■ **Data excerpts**
---

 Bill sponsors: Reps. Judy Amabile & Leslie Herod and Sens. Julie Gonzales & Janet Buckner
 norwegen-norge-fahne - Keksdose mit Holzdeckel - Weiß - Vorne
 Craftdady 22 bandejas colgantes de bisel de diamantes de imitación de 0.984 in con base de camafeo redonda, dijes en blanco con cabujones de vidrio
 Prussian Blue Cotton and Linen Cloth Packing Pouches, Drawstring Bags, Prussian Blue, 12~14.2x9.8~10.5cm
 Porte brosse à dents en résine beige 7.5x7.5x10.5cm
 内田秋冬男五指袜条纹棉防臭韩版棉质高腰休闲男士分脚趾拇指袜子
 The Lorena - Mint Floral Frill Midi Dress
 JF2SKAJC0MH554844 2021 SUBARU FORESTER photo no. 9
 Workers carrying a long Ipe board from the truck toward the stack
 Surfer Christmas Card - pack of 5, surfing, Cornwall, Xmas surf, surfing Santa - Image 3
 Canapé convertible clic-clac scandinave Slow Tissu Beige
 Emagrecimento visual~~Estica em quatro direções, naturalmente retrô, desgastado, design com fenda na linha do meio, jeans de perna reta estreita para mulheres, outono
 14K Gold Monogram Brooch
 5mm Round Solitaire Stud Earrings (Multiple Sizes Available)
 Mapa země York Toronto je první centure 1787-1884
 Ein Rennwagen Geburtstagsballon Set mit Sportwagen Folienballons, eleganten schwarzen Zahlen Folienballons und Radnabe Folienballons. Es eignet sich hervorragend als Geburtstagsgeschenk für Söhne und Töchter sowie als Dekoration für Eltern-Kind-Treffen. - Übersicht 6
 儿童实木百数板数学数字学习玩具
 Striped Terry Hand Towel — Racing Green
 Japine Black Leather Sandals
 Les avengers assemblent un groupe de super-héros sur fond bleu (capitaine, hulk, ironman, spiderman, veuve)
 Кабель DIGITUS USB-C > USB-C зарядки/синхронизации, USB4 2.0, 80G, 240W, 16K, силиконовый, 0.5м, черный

---

Each record above should be returned exactly as it appears.

■ **ANSWER TO THE PROBLEM**
 Bill sponsors: Reps. Judy Amabile & Leslie Herod and Sens. Julie Gonzales & Janet Buckner
 norwegen-norge-fahne - Keksdose mit Holzdeckel - Weiß - Vorne
 Craftdady 22 bandejas colgantes de bisel de diamantes de imitación de 0.984 in con base de camafeo redonda, dijes en blanco con cabujones de vidrio
 Prussian Blue Cotton and Linen Cloth Packing Pouches, Drawstring Bags, Prussian Blue, 12~14.2x9.8~10.5cm
 Porte brosse à dents en résine beige 7.5x7.5x10.5cm
 内田秋冬男五指袜条纹棉防臭韩版棉质高腰休闲男士分脚趾拇指袜子
 The Lorena - Mint Floral Frill Midi Dress
 JF2SKAJC0MH554844 2021 SUBARU FORESTER photo no. 9
 Workers carrying a long Ipe board from the truck toward the stack
 Surfer Christmas Card - pack of 5, surfing, Cornwall, Xmas surf, surfing Santa - Image 3
 Canapé convertible clic-clac scandinave Slow Tissu Beige
 Emagrecimento visual~~Estica em quatro direções, naturalmente retrô, desgastado, design com fenda na linha do meio, jeans de perna reta estreita para mulheres, outono
 14K Gold Monogram Brooch
 5mm Round Solitaire Stud Earrings (Multiple Sizes Available)
 Mapa země York Toronto je první centure 1787-1884
 Ein Rennwagen Geburtstagsballon Set mit Sportwagen Folienballons, eleganten schwarzen Zahlen Folienballons und Radnabe Folienballons. Es eignet sich hervorragend als Geburtstagsgeschenk für Söhne und Töchter sowie als Dekoration für Eltern-Kind-Treffen. - Übersicht 6
 儿童实木百数板数学数字学习玩具
 Striped Terry Hand Towel — Racing Green
 Japine Black Leather Sandals
 Les avengers assemblent un groupe de super-héros sur fond bleu (capitaine, hulk, ironman, spiderman, veuve)
 Кабель DIGITUS USB-C > USB-C зарядки/синхронизации, USB4 2.0, 80G, 240W, 16K, силиконовый, 0.5м, черный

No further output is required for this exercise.